For those who consider pop and rock to be antiestablishment and antiwar, such sentiments were nothing less than stunning. It has been argued for years that rock & roll has grown up and gone mainstream. But nothing drove that point home harder than the music world’s reaction — or lack of it — to the Persian Gulf war. There was some rock & roll opposition to the conflict, from comments O’Connor had also made about rock’s indifference to the war to the all-star remake of John Lennon’s ”Give Peace a Chance” (with new gulf-related lyrics) organized by Lenny Kravitz and Lennon’s son Sean. But in the main, the pop-rock community was silent or, at best, frustratingly vague.
Throughout the war, noted antiwar proponents like Bruce Springsteen and U2 kept mum. (Springsteen’s spokesman said he didn’t have any comments because he hadn’t done any interviews, and that he ”generally doesn’t issue statements.”) For every Jackson Browne, who called the allied incursion ”a huge mistake,” there was someone like Dave Mustaine, lead singer of the speed-metal band Megadeth, who, when interviewed on MTV, firmly took a stance that most simply translates as ”let’s kick Iraqi butt.” Or Van Halen’s Sammy Hagar, who told USA Today how glad he was that bomber pilots were cranking his band’s songs in their cockpits, as if the war were a scene from Top Gun.

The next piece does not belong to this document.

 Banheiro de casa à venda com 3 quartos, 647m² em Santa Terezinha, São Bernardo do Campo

Or all the musicians — Warrant, Ralph Tresvant, Debbie Gibson, Stephen Stills, Michael Bolton, and Nelson, among others — on ”Voices That Care.” The single didn’t take a hard stance either for or against the fighting. Yet it contributed to the general impression, put forth by both the media and the government, that supporting the troops meant supporting the war — not exactly sentiments one associates with supposedly left-wing rock stars.
Vestiges of old-wave pop outrage lingered. Randy Newman quickly wrote and recorded ”Lines in the Sand” (released to radio stations, but not put on sale to the public), with cutting lines like ”We old men will guide you/Though we won’t be there beside you/We wish you well.” The Rolling Stones took a few swipes at the role of Western nations in arming Iraq before the war on their single ”Highwire.” And RCA rush-released newcomer Vinnie James’ ”War Song,” although its chorus (”If I could write a song that could end all wars/I bet they wouldn’t listen”) wasn’t quite the tear-down-the-walls stuff we expect from protest songs.

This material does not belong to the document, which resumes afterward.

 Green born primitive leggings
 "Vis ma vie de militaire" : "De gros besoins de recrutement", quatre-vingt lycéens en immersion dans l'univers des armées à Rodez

But when a rock-culture symbol like Rolling Stone decorates its logo with a yellow ribbon, as it did in a recent issue, you have to wonder about the changing role of pop music. Comparisons with Vietnam have become mundane, but there’s no ignoring a crucial difference: This may have been the first armed conflict that rock condoned by way of silence. Although the number of explicit antiwar songs to come out of the ’60s was lower than we remember, the antiestablishment feeling was implied even in an apolitical tune like the Animals’ ”We Gotta Get Out of This Place.” Neil Young, who once sang angrily about the death of four students at Kent State in ”Ohio,” decorated the stage on his current tour with both a peace sign and a yellow ribbon. Like many of his generation, Young was seemingly caught between wishing the best for the soldiers and accepting the widespread notion that this particular conflict was indeed justified.
One thing the rock world couldn’t seem to grasp was that it was possible to be pro-peace and still respectful of U.S. soldiers. After all, no one wants to see body bags piling up at U.S. air bases. It’s one thing to wish for the well-being of young men and women thrust into a nightmare over which they have no control. It’s another matter to question whether U.S. forces should be there at all, and whether sanctions or negotiations would have worked. Traditionally, rock has raised such questions — and suggested unpopular answers. But that wasn’t the case during the gulf war. Instead, rock stars stood meekly at the sidelines, waving an American flag and hoping for the best.
Think about this: One of the few pop heroes who wasn’t afraid to take an antiwar stand in this mess was, of all people, New Kids on the Block’s Donnie Wahlberg, who wore a ”War Sucks” T-shirt during the American Music Awards. If we have to turn to the New Kids for social commentary, we may be in more trouble than we think.